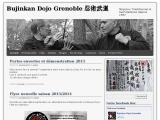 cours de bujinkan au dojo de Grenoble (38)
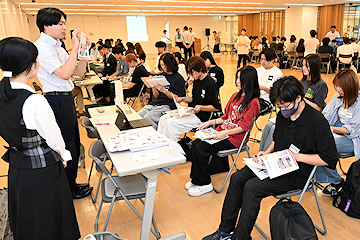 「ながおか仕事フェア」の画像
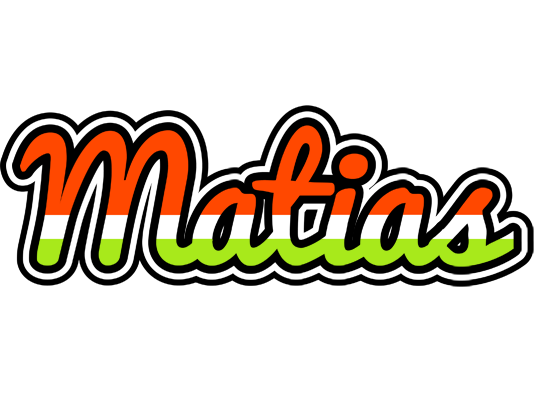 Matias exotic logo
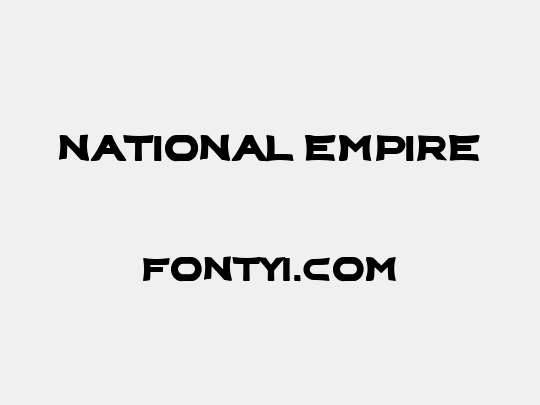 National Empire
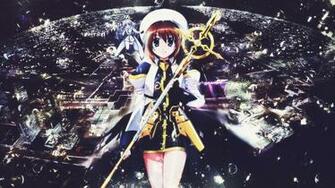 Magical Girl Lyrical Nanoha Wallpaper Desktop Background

------

**Exercise instructions**: Restate the listing word for word, pictures excluded.

**Solution to the problem**:
 cours de bujinkan au dojo de Grenoble (38)
 「ながおか仕事フェア」の画像
 Matias exotic logo
 National Empire
 Magical Girl Lyrical Nanoha Wallpaper Desktop Background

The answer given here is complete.